-- What to work on --
Pictures are to be excluded. Please print only the lines from the one containing "ShesaProtoType's tweet image." through the end of the data, exactly as they appear.

-- Source data --

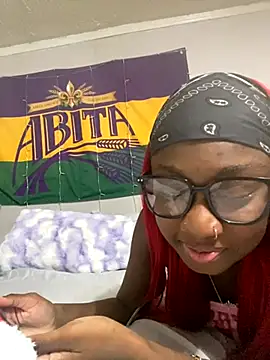 HennessyBaby21 online show from September 2025 01:16:02 AM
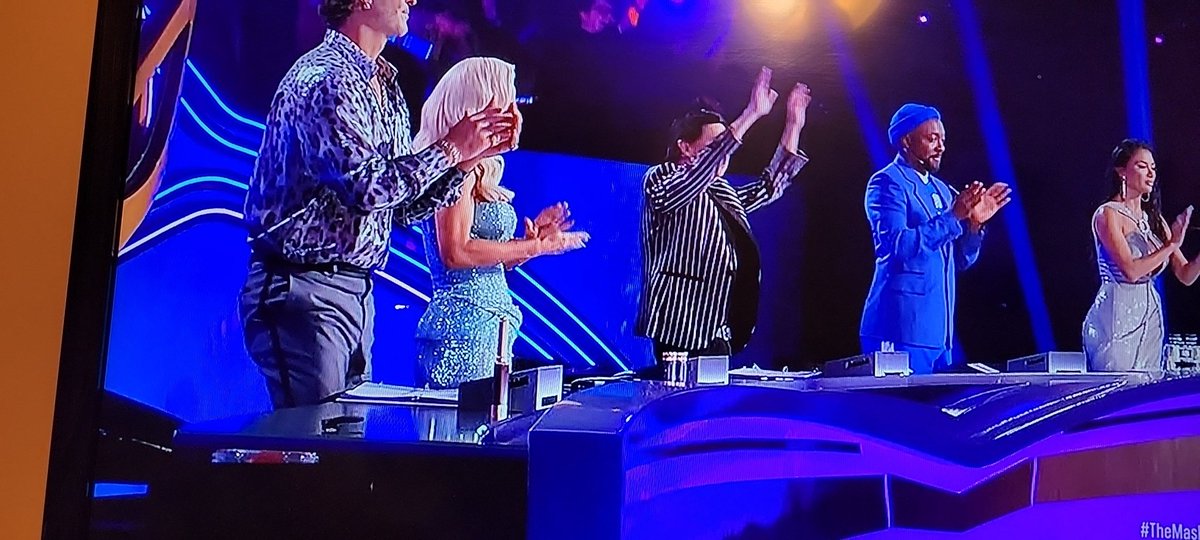 ShesaProtoType's tweet image. Standing ovation. ATE that up. You betta sang!!!+ @faithevans  #TheMaskedSinger #SkunkMask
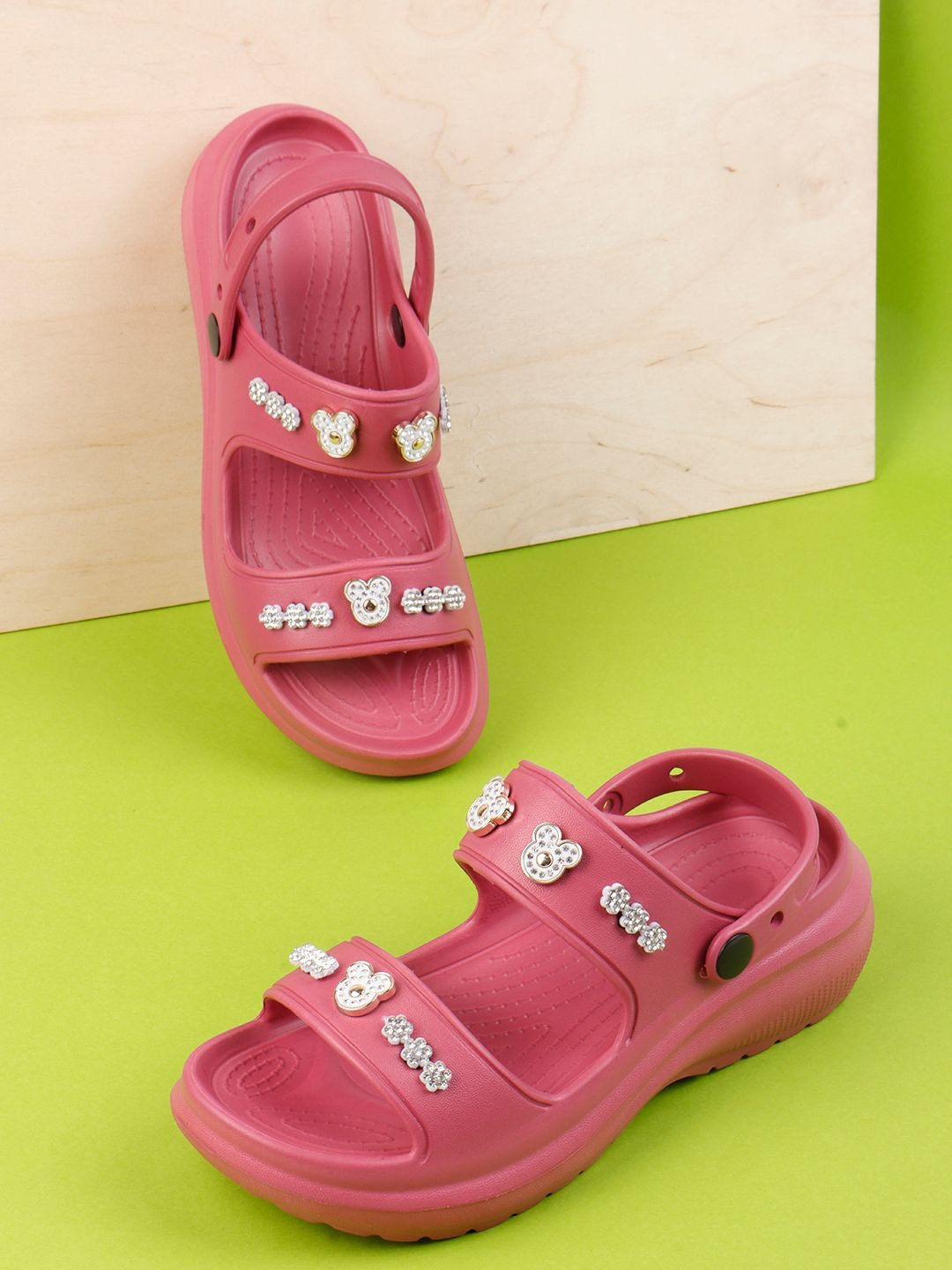 The Roadster Lifestyle Co. Women Embellished Lightweight Clogs Flip Flops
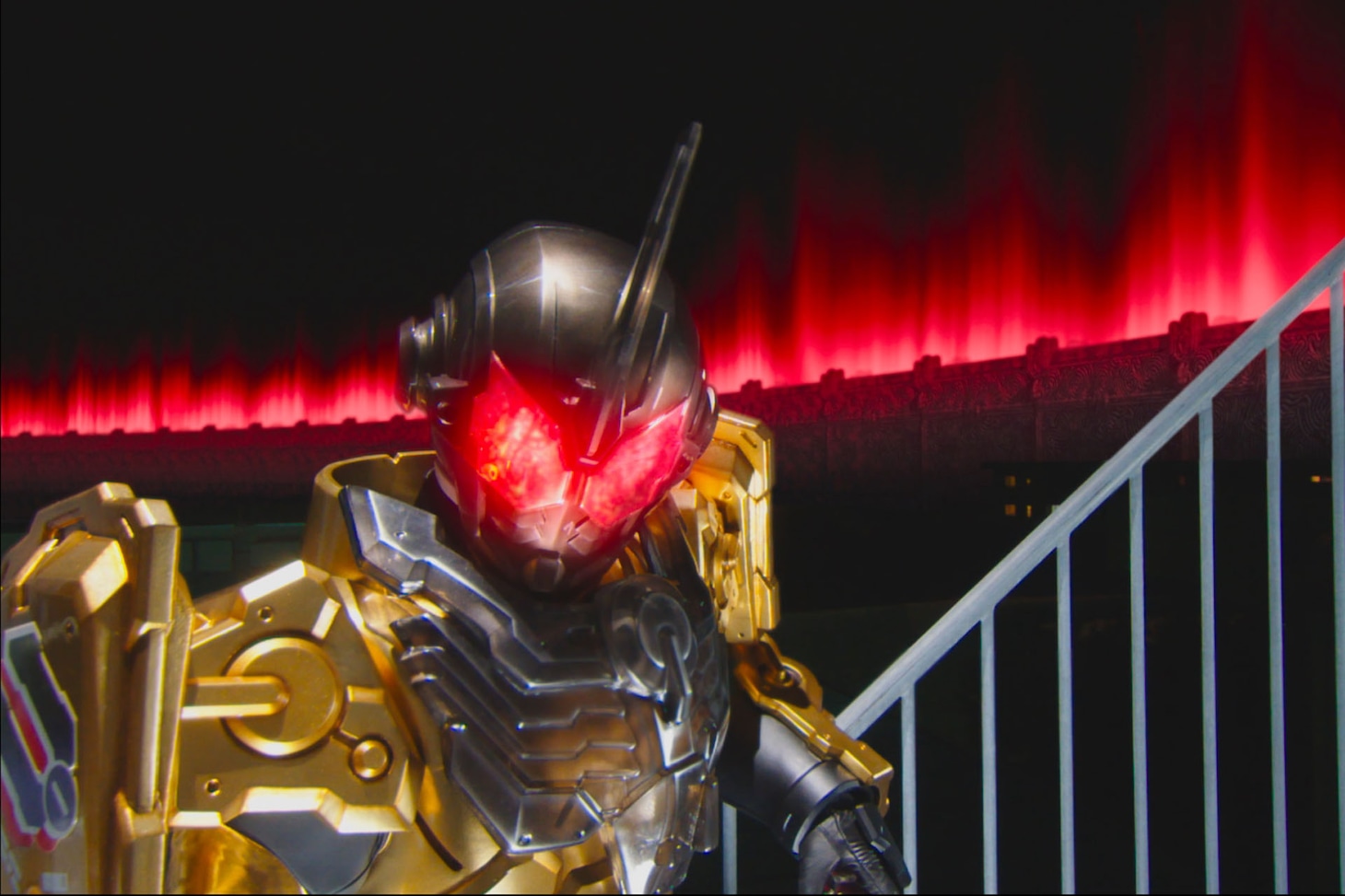 「仮面ライダー平成ジェネレーションズFINAL ビルド＆エグゼイドwithレジェンドライダー」より、仮面ライダーグリス。(c)2017 「ビルド＆エグゼイド」製作委員会 (c)石森プロ・テレビ朝日・ADK・東映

-- Exercise result --
 ShesaProtoType's tweet image. Standing ovation. ATE that up. You betta sang!!!+ @faithevans  #TheMaskedSinger #SkunkMask
 The Roadster Lifestyle Co. Women Embellished Lightweight Clogs Flip Flops
 「仮面ライダー平成ジェネレーションズFINAL ビルド＆エグゼイドwithレジェンドライダー」より、仮面ライダーグリス。(c)2017 「ビルド＆エグゼイド」製作委員会 (c)石森プロ・テレビ朝日・ADK・東映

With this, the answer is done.